Devil Has Questions
Tell me: What, at the end, is sharper, having learned better than to be
so guileless, so rosy, or the instinctive way your skin now buckles at those birds
for being the most tempestuous things singing in the river’s fog? Precisely
what doesn’t lessen you to the point of gutting? When you espy a sack
of white landscaping rocks? Chocolate-looking moons? The fever your lover’s hand
imbues you with, without even touching? Sloppy still is lethal, right?

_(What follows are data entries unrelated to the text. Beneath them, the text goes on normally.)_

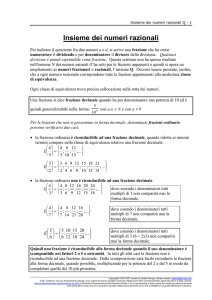 Insieme dei numeri razionali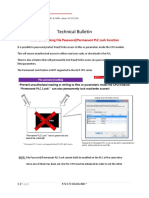 TB - FX5U GXW3 Using File Password and Permanent PLC Lock Function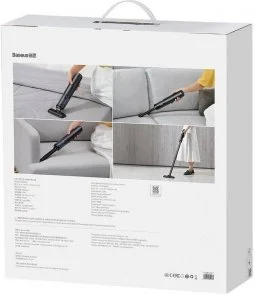 Фото: Ручний бездротовий пилосос Baseus H5 Home Use Vacuum Cleaner Black (VCSS000101) № 7 | KTC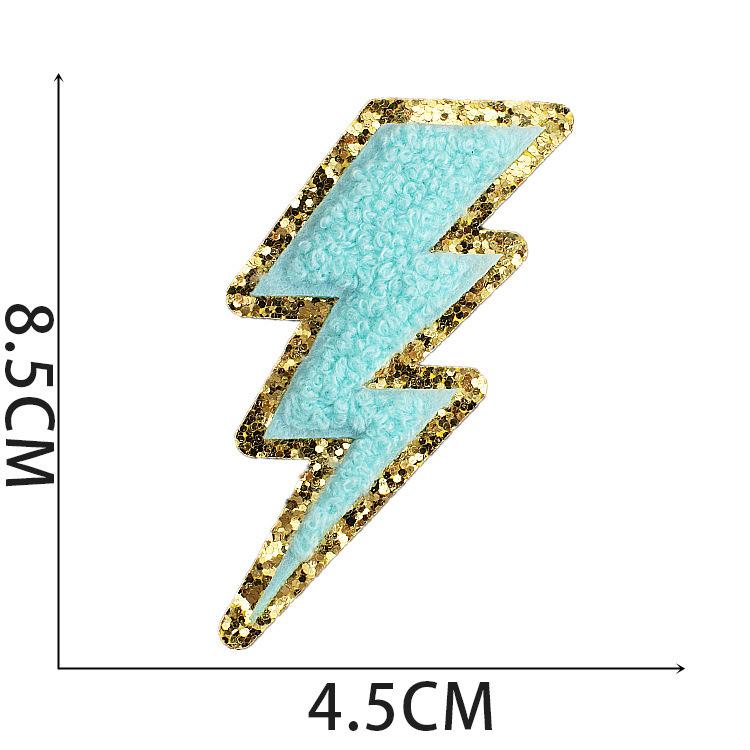 White Towel Embroidery English Letter Embroidery Cloth Sticker Bag Patch Sticker Clothes Chapter Boy Computer Embroidery Label Embroidery Sticker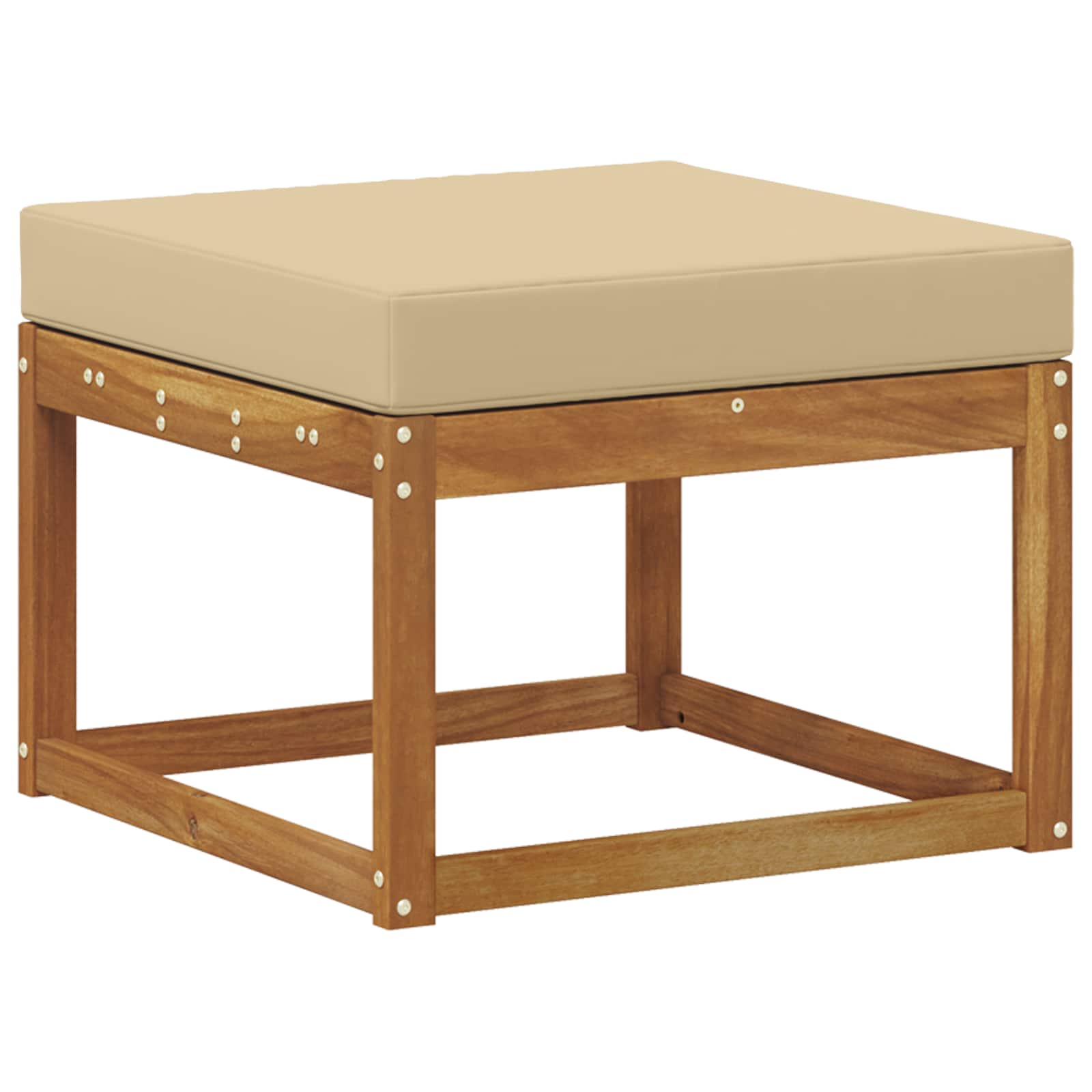 vidaXL Outdoor-Sofagarnitur mit Kissen 4 pcs Natur und Beige – Bild 4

So what do you think will save you? I am taking notes. I am learning
how to worry about what you can’t control, starting with all
the things now burning on the meso-level. I greet them like a wrecked gazebo
greets the rain in a field awash with gray goose dung. At a distance, it may look
like shelter, but there’s nothing really for you there except to stand drenched
in the skin of your best suit. Believe me; I know best and worst are the wrong spectrum
of words for describing what is in fact your only. I know what error is. Or do I
mean terror? Hell, whichever. Let me just state for the record: I stand by every last misuse.
* * * * *
Devil Vexed by Such Grand, Meandering Duende
Asked to name your greatest failing, I’d say it’s that you’re weak and will not change. It’s not
the view you offer of your options: some days you either take off your hat or let the dog bite you;
some deliver one more canto enchanted by whiskey and figs. I’ve watched you at gatherings,
posture of a balloon stuck on the ceiling, guided by whatever the breeze does to its string,
your face like it caught a whiff of flesh drift in from the larkspur. You thought it takes a lot
of emptiness to be a good person for so long it was too late when you found out it was wrong.
OK. It’s never too late, just very, very hard. Maybe that’s why you tend to envy
painters who attune their awe to things trying to be tender but brutally:
wind bending trees, fur of prey limp beneath their devourer’s weight. I am as grateful as you
someone decided these are beautiful. It confirms: anything can culminate in devotion. A flower.
A fever. Someone smothered in red clay. You should know by now, some things I can accept
in my sleep. Some it pains me to cherish so openly. The way I heard you confess
you didn’t even have to know an object’s origin to adore it, just suspect — whether gently
or with disgust’s abrupt flourish — it was something once received by the rally of her hands.